Begin at the line below that has "L.L. Bean Women’s". Stop after the line that has "Ленточный погрущик ЛТ-5-500, конвеер, стрічковий", repeating each line exactly and leaving out the pictures.

> Provided information
▼
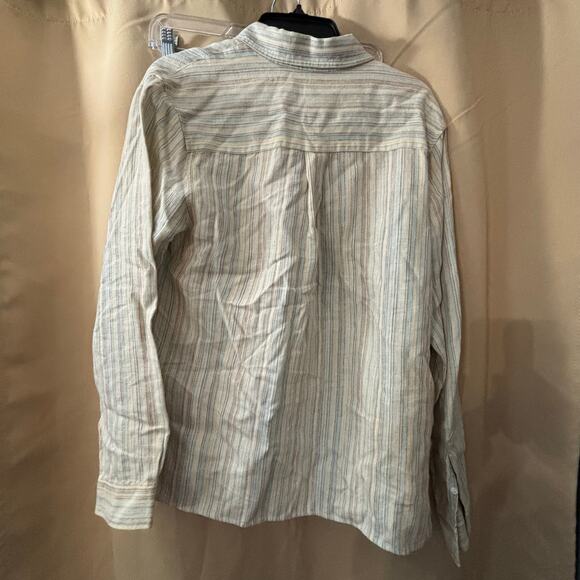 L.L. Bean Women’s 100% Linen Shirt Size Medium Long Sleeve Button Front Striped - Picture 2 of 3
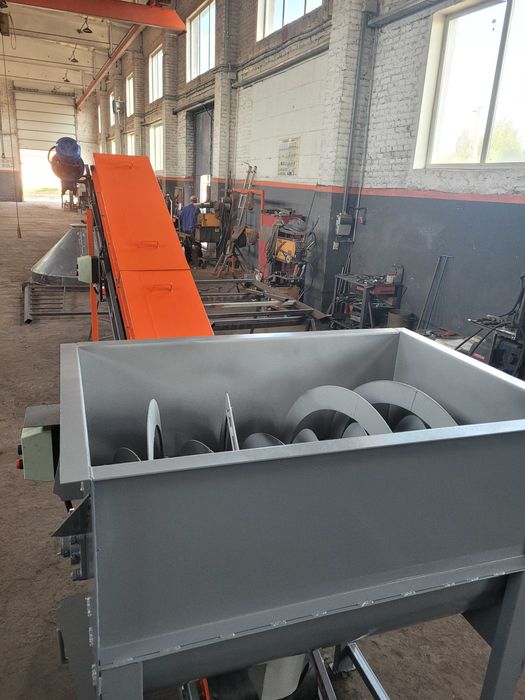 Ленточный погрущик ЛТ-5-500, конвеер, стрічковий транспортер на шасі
▲
▼
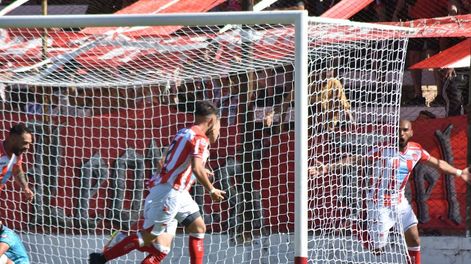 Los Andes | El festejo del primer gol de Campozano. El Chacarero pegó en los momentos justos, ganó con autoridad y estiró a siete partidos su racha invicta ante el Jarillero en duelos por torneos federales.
▲
> Result of this exercise
 L.L. Bean Women’s 100% Linen Shirt Size Medium Long Sleeve Button Front Striped - Picture 2 of 3
 Ленточный погрущик ЛТ-5-500, конвеер, стрічковий транспортер на шасі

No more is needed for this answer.